[Short web captions]

▼

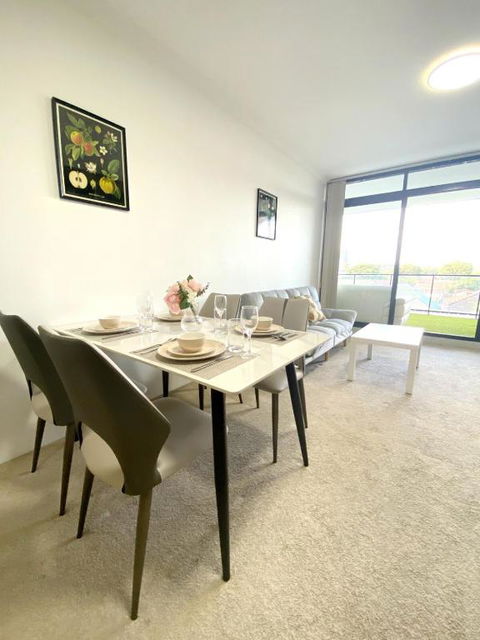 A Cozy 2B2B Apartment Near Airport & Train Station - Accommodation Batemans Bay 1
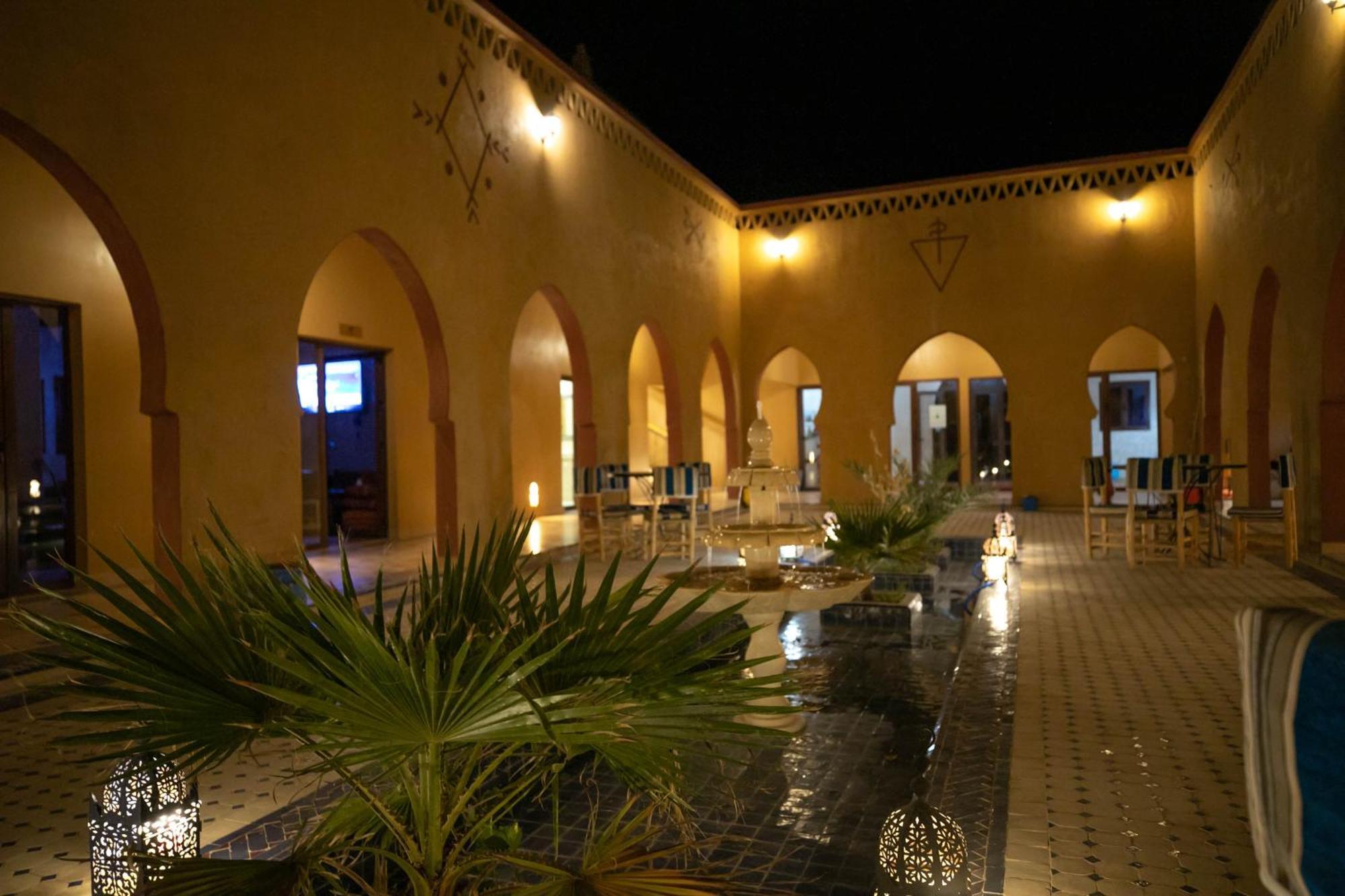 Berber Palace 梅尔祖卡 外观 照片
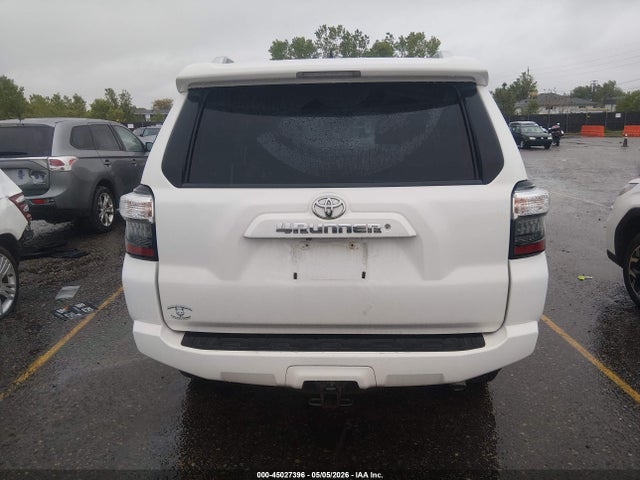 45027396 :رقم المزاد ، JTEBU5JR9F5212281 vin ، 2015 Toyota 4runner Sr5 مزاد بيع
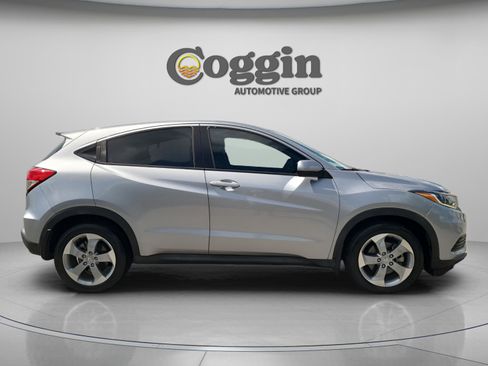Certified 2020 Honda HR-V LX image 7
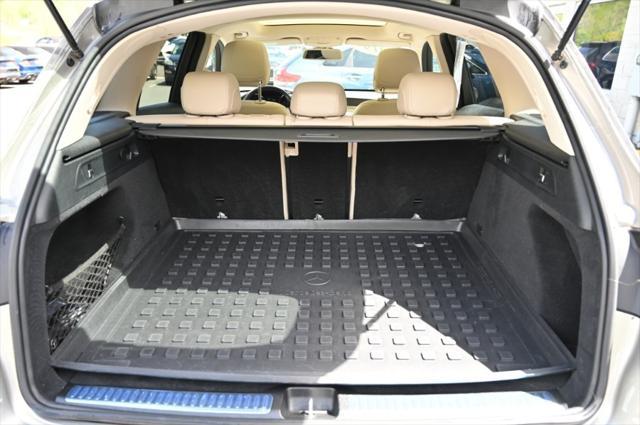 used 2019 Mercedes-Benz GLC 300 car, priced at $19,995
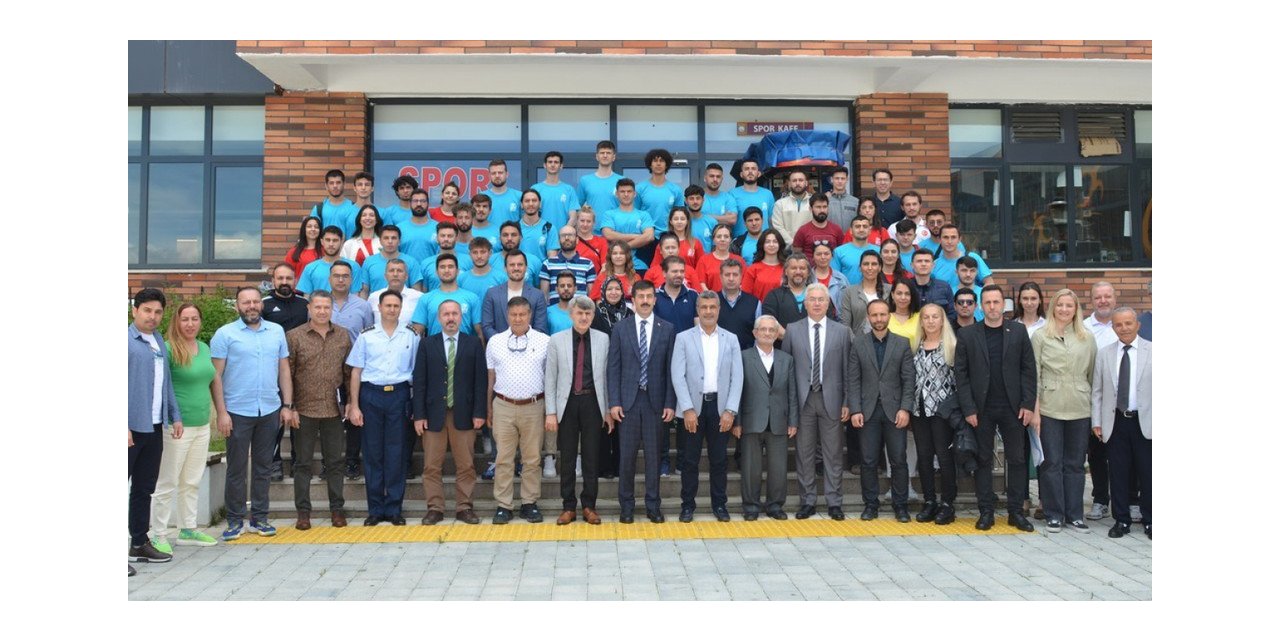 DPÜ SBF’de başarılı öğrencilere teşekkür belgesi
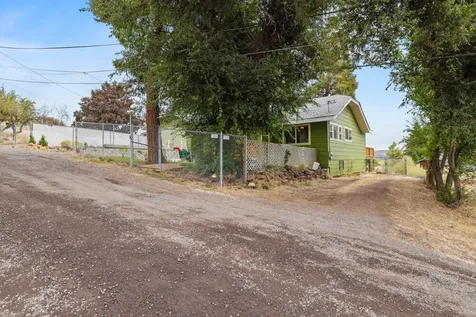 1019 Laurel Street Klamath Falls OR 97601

▲

YOUR ASSIGNMENT> The answer should be an exact restatement of every entry, with the pictures omitted.

RESPONSE TO THE EXERCISE>
 A Cozy 2B2B Apartment Near Airport & Train Station - Accommodation Batemans Bay 1
 Berber Palace 梅尔祖卡 外观 照片
 45027396 :رقم المزاد ، JTEBU5JR9F5212281 vin ، 2015 Toyota 4runner Sr5 مزاد بيع
Certified 2020 Honda HR-V LX image 7
 used 2019 Mercedes-Benz GLC 300 car, priced at $19,995
 DPÜ SBF’de başarılı öğrencilere teşekkür belgesi
 1019 Laurel Street Klamath Falls OR 97601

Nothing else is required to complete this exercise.